Following the decline ofAkkadian supremacy after Shar-kali-sharri and throughout the Gutian period, the cities of the Sumerian south, from Ur to Uruk, Umma and Lagash, managed to maintain a considerable degree of independence. The disappearance of a central power must have brought considerable economic advantages. It is true that, due to a general sense of uncertainty, the Gutian period would be remembered as a negative time for trade (‘on the highways of the land, the grass grew high’). However, it was also a period of limited tributes levied by kings whose role was more symbolic than anything else, at least in the south. In fact, Gutian rule must have been more solid in the north, where they were a substitute for the Akkadian dynasty, possibly implementing its administrative structure.
Therefore, the south had its own dynasties of ensi, who continued the tradition of the Sumerian city-states. The Sumerian King List only attests the ‘Fourth Dynasty of Uruk’. The best attested dynasty in the surviving evidence is the one of Lagash, especially for the reigns of Ur-Baba, Gudea and Ur-Ningirsu. We possess a large number of inscriptions and votive statues of Gudea, making him one of the best-attested rulers of this time. Admittedly, if we had a similar amount of evidence from Uruk or Ur, it would have been of a better quality. However, the marginal role of Lagash compared to other more prestigious cities in Sumer makes its documentation more typical of the period, and more useful when trying to reconstruct an overall picture of this period.

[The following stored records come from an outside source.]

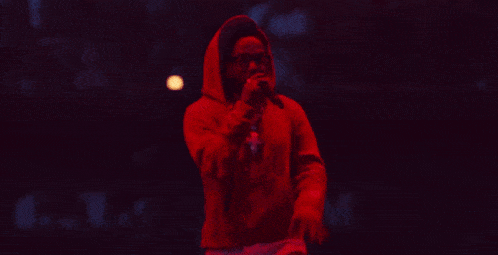a man in a hooded sweatshirt is singing into a microphone in the dark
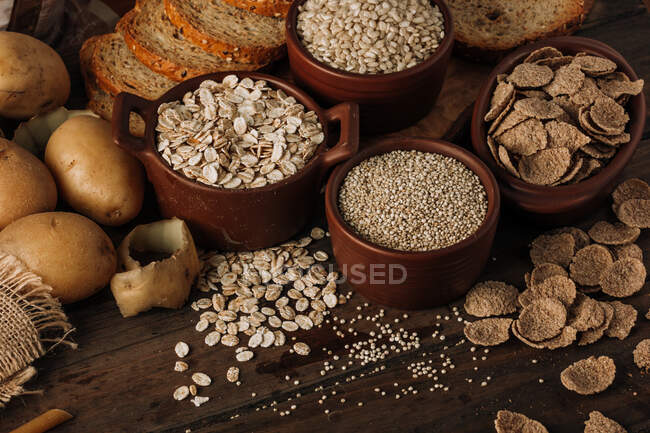 From above cereals oatmeal seeds in bowls potatoes and sliced bread on wooden background — Stock Photo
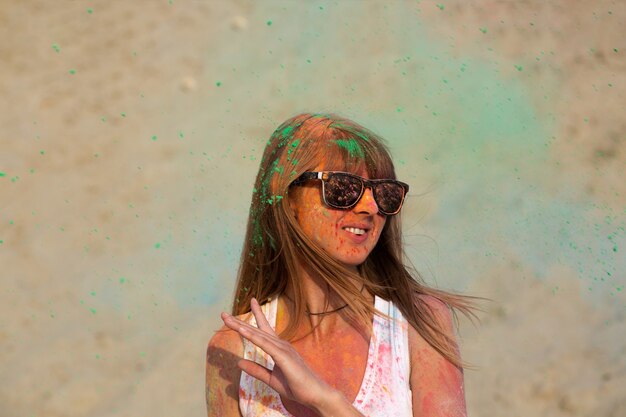 Increíble mujer rubia con gafas jugando con pintura verde seca Holi en el desierto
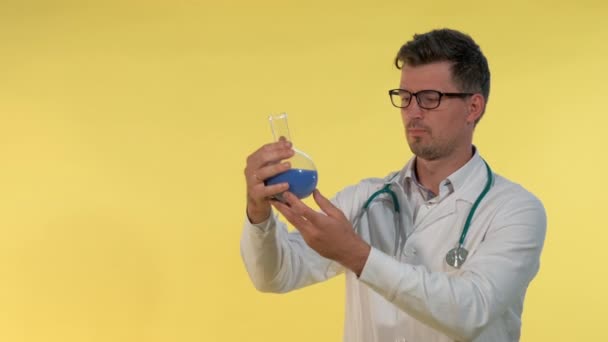 Крупный план молодого врача в халате и очках, смотрящего на фляжку с голубой жидкостью — стоковое видео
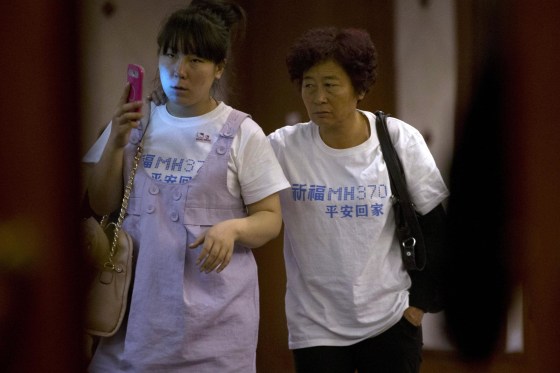 Image: Relatives of Chinese passengers aboard the missing Malaysia Airlines, MH370, walk out from a meeting room in a hotel wearing a t-shirt which reads "Pray for MH370 safe return" in Beijing, China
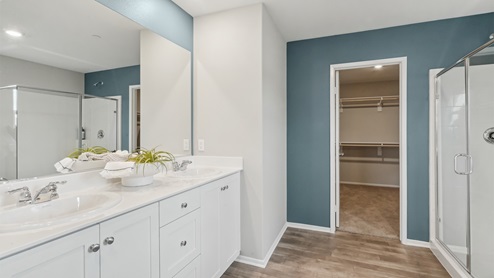 Primary bathroom with white cabinets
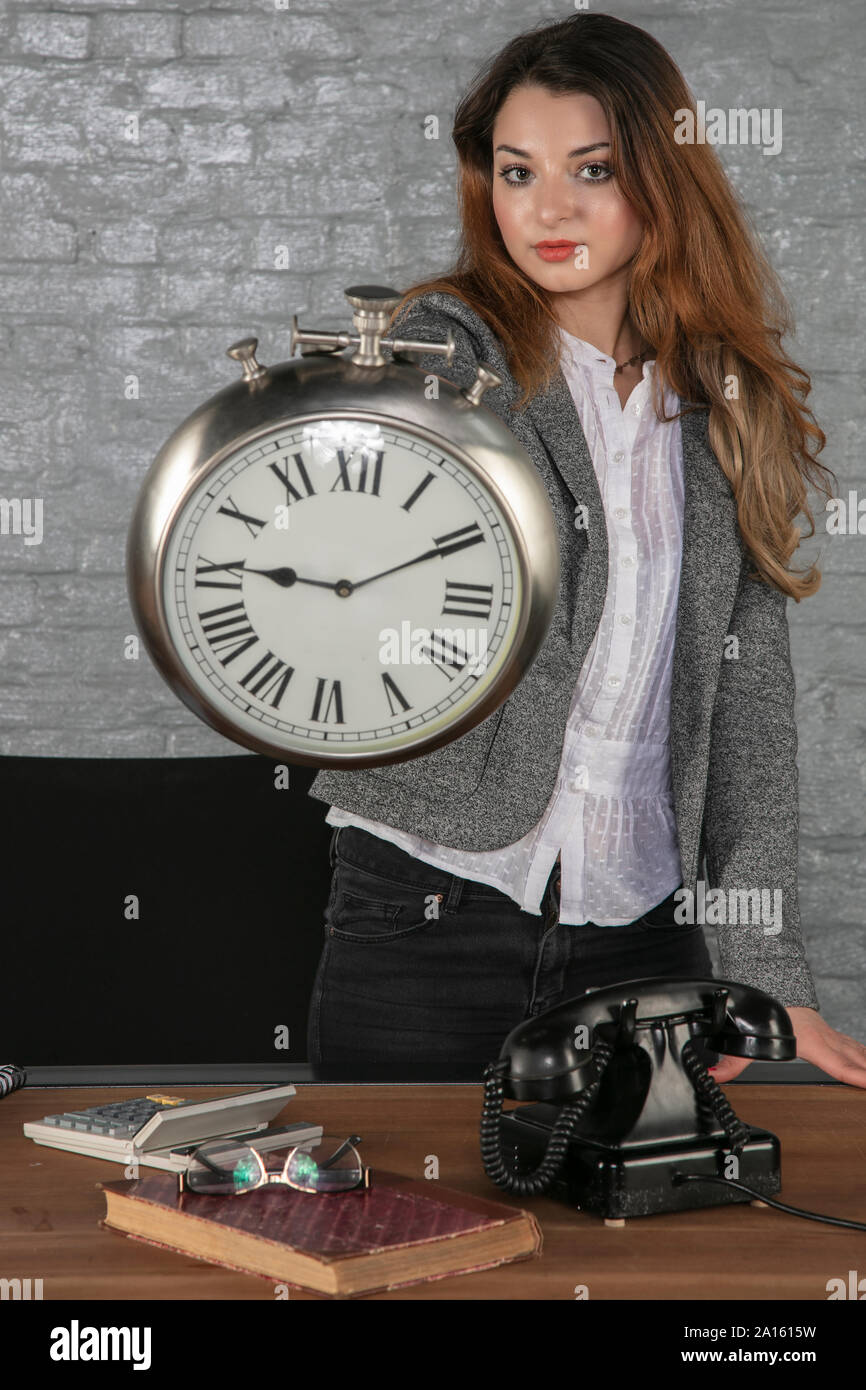 Business donna mostra un grande orologio Foto Stock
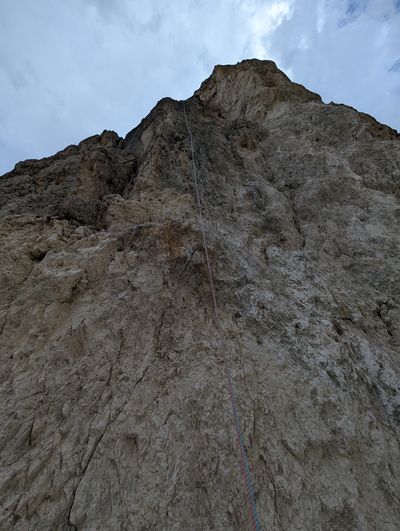 Rappel rope hanging down the back side of Piccola Torre.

Gudea’s activities were predominantly local. There is only one conflict attested during his reign, against Anshan and Elam. This was probably due to the proximity of Lagash to Iran, making it an easy target for Elamite incursions. Gudea mainly pursued building and administrative activities, such as the construction of the E-ninnu, the temple of Lagash’s city-god Ningirsu. The king described this achievement as a global endeavour. Every land contributed to the temple’s construction, and each provided its local materials, from timber to bitumen, metals and semiprecious stones (Text 9.1). to the prestige of Ningirsu and the ability of Gudea, all these materials managed to travel from the edge of the land to the centre of the world, where the temple was constructed. Naturally, this is a ‘world’ imagined precisely for the temple’s construction, with rivers flowing from north to south to facilitate the arrival of materials at Lagash. This was the point of view of an ensi who was neither the most powerful, nor entirely independent in the political situation of the time.
The relative freedom of the city-states explains why the Gutians, considered unbearable by the Sumerians, stayed in power for about a century. Their collapse was caused by a single war and was not particularly difficult. A king of Uruk, Utu-hegal, the only ruler of the ‘Fifth Dynasty of Uruk’, managed to form an army able to face the one sent by the Gutian king Tirigan, and defeated it.